Figure 3.

Correlating mechanical properties and ECM reorganization during human breast cancer progression. Stiffness distribution and respective H&E stained sections (A) of normal mammary gland tissue (top), benign lesion (middle) and malignant tumor (bottom). Stiffness distribution of normal breast tissue is unimodal and the histology shows the terminal ductal lobular unit of a normal mammary gland fenced by interstitial connective tissue. A benign lesion reveals a unimodal, but broader stiffness distribution with an increase in stiffness compared with the healthy sample. The histology of benign lesions reveals extensive fibrotic stroma interspersed with fibroblasts typical for fibroadenoma. Invasive cancer shows heterogeneous stiffness distribution with a characteristic soft peak, where the histology shows an invasive breast carcinoma with infiltrating nests of cancer cells that have evoked a dense fibrous tissue response. Scale bar applies to all images, 50 μm. The distinct ECM stiffness and structure of late MMTV-PyMT cancer was probed by atomic force microscopy (B) and immunohistochemistry (C).

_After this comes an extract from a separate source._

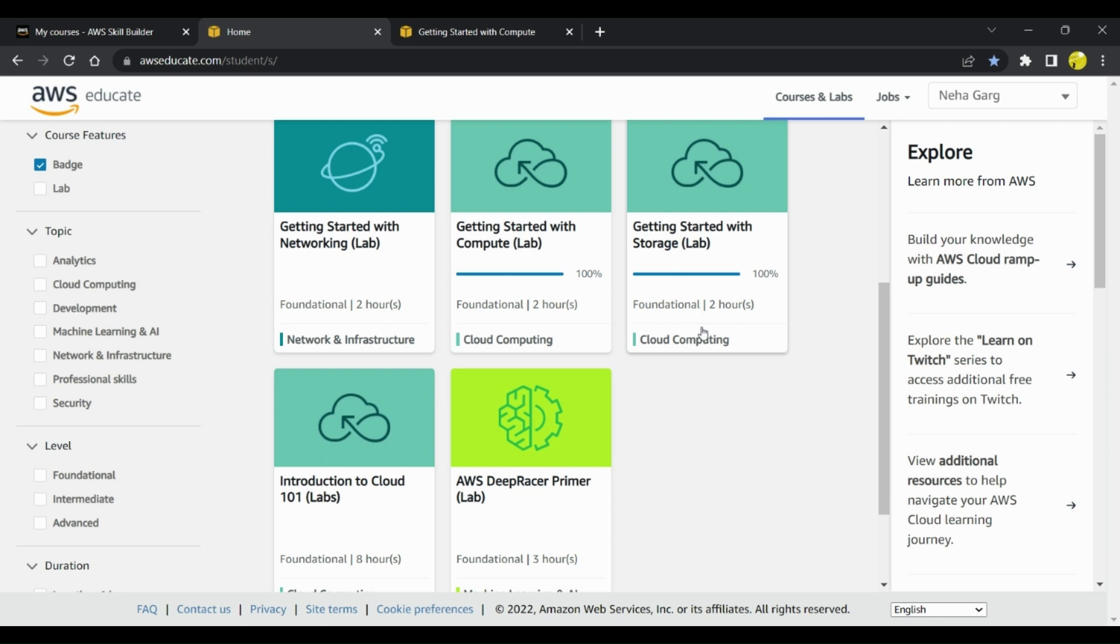It talks about different modules, how pricing is done. That is discussed in this particular Getting Started with Storage lab. Along with it, you will also gain one badge which you can link to your LinkedIn profile and showcase that you have expertise on these particular topics in AWS.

Gradual stiffening from the core to the periphery was observed. Mechanical heterogeneity increased and is most extensive at the periphery (B). While collagen type I and laminin-111 were virtually absent in soft tissue (the core), the heterogeneous presentation (brown staining) of collagen type I and laminin-111 was increased at the periphery as evidenced in (C). Scale bar applies to all images, 50 μm. (A–C reproduced with permision from Plodinec et al., 2012).